The length of the ‘initial period’ is also to be decided after further consultation but the government’s current preference is nine months. The termination date could then be up to three months after the initial period, as long as notice is given during the initial period, meaning that the light touch procedure can effectively apply to the employee’s first year.

There may also be a lower compensation regime for unfair dismissals in the initial period – the Next Steps document says that the government intends to consult about this.

The document also makes clear that these changes won’t take effect until Autumn 2026 and, until then, the current two-year qualifying period remains in place. Substantial further consultation is expected between now and then, and major questions remain about the compensation regime, the procedure that will need to be followed and the extent to which employees can challenge the reasons they are given for dismissal. Is it enough just to tell an employee they are a poor performer, or do employers have to prove this? Could the employee bring a claim to determine the ‘real reason’?
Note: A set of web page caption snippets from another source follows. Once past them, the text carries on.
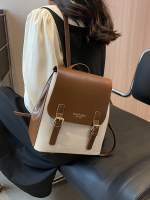 Mochila Color-block Estilosa Para Mujeres Adecuada Para El Día Escuela Y Trabajo Ideal Para Adolescentes Estudiantes De Universidad Femenina - details 0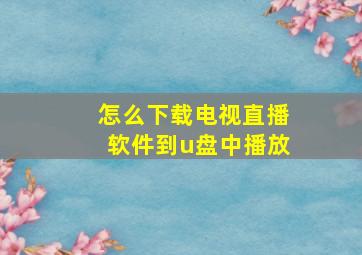 怎么下载电视直播软件到u盘中播放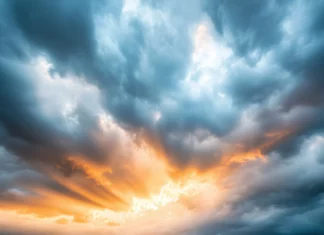 A mesmerizing sky covered in dense, billowing storm clouds.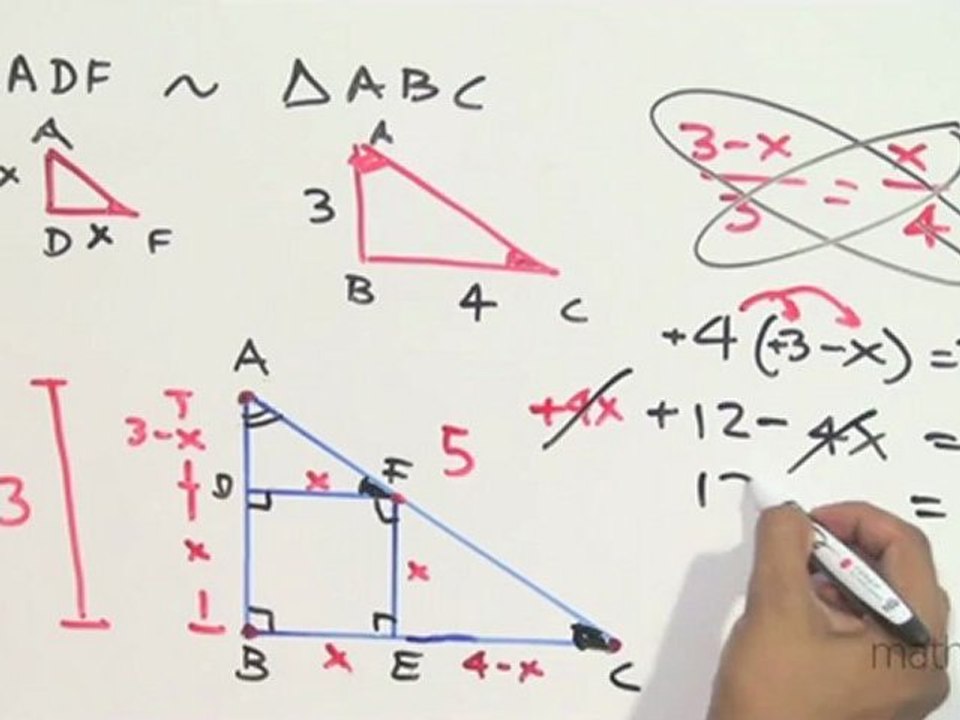 Razón de áreas entre un cuadrado inscrito en un triángulo rectángulo - Parte 1/2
There can be no doubt this amounts to a rowing back from the original plans in relation to day one unfair dismissal rights. While this still represents a major change to employment law, and a shift significantly in favour of the employee, it is difficult to assess the full impact without seeing what emerges through consultation. Some employers will question if they should change the length of contractual probationary periods, although there will be no need to do so, and it is too soon to make changes before we have further details.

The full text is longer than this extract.